Segment Start: Data records

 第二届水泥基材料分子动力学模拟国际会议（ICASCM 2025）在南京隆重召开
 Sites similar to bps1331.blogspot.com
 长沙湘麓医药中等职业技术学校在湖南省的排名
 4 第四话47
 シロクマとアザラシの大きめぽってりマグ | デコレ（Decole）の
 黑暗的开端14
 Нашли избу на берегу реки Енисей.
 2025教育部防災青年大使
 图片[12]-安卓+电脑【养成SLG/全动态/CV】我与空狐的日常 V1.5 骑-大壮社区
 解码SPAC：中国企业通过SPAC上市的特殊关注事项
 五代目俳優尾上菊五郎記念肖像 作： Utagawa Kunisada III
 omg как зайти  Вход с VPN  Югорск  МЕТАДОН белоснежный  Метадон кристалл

Segment End: Data records

**How to complete this task:**
The answer must be the line containing "图片[12]-安卓+电脑【养成SLG/全动态/CV】我与空狐的日常 V1.5 骑-大壮社区" and every line after it to the end of the records, repeated exactly.

**Response to the task:**
 图片[12]-安卓+电脑【养成SLG/全动态/CV】我与空狐的日常 V1.5 骑-大壮社区
 解码SPAC：中国企业通过SPAC上市的特殊关注事项
 五代目俳優尾上菊五郎記念肖像 作： Utagawa Kunisada III
 omg как зайти  Вход с VPN  Югорск  МЕТАДОН белоснежный  Метадон кристалл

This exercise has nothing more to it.